TASK DIRECTIONS:
Copy each line below as written, but skip the pictures.

SOURCE DATA:
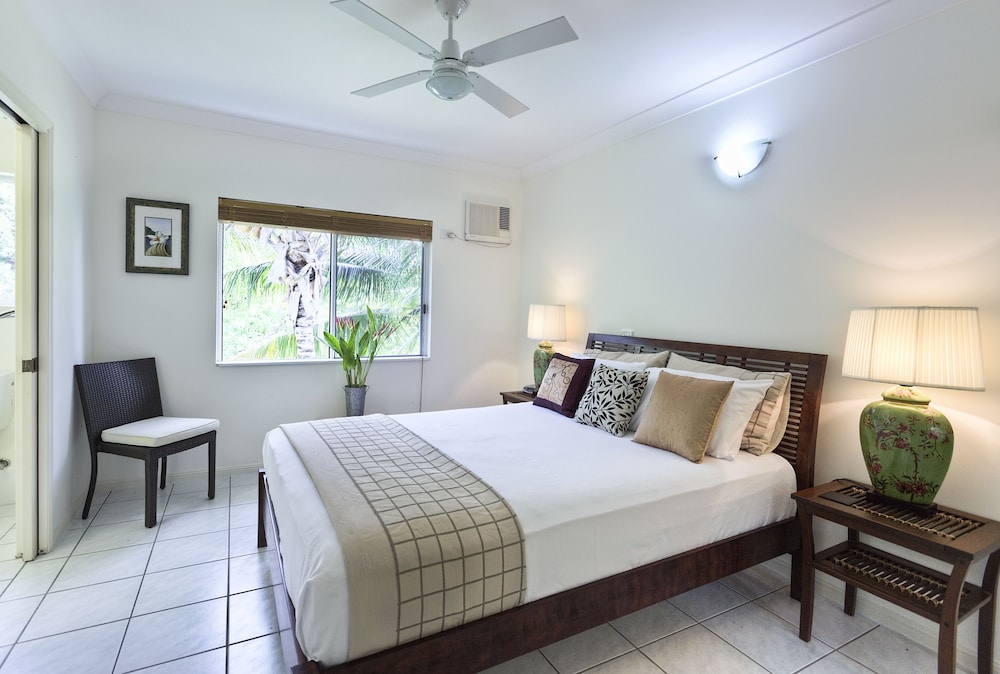 2 BEDROOMS, DELUXE, APARTMENT, BEACH VIEW, BALCONY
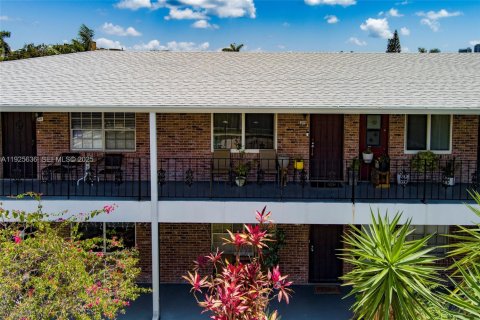 Condo in Hallandale Beach, Florida, 2 bedrooms № 1986396 - photo 1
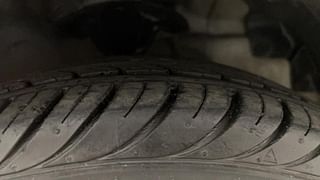 Used 2015 Hyundai Eon [2011-2018] Magna Petrol Manual tyres RIGHT FRONT TYRE TREAD VIEW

OUTPUT OF THE TASK:
 2 BEDROOMS, DELUXE, APARTMENT, BEACH VIEW, BALCONY
 Condo in Hallandale Beach, Florida, 2 bedrooms № 1986396 - photo 1
 Used 2015 Hyundai Eon [2011-2018] Magna Petrol Manual tyres RIGHT FRONT TYRE TREAD VIEW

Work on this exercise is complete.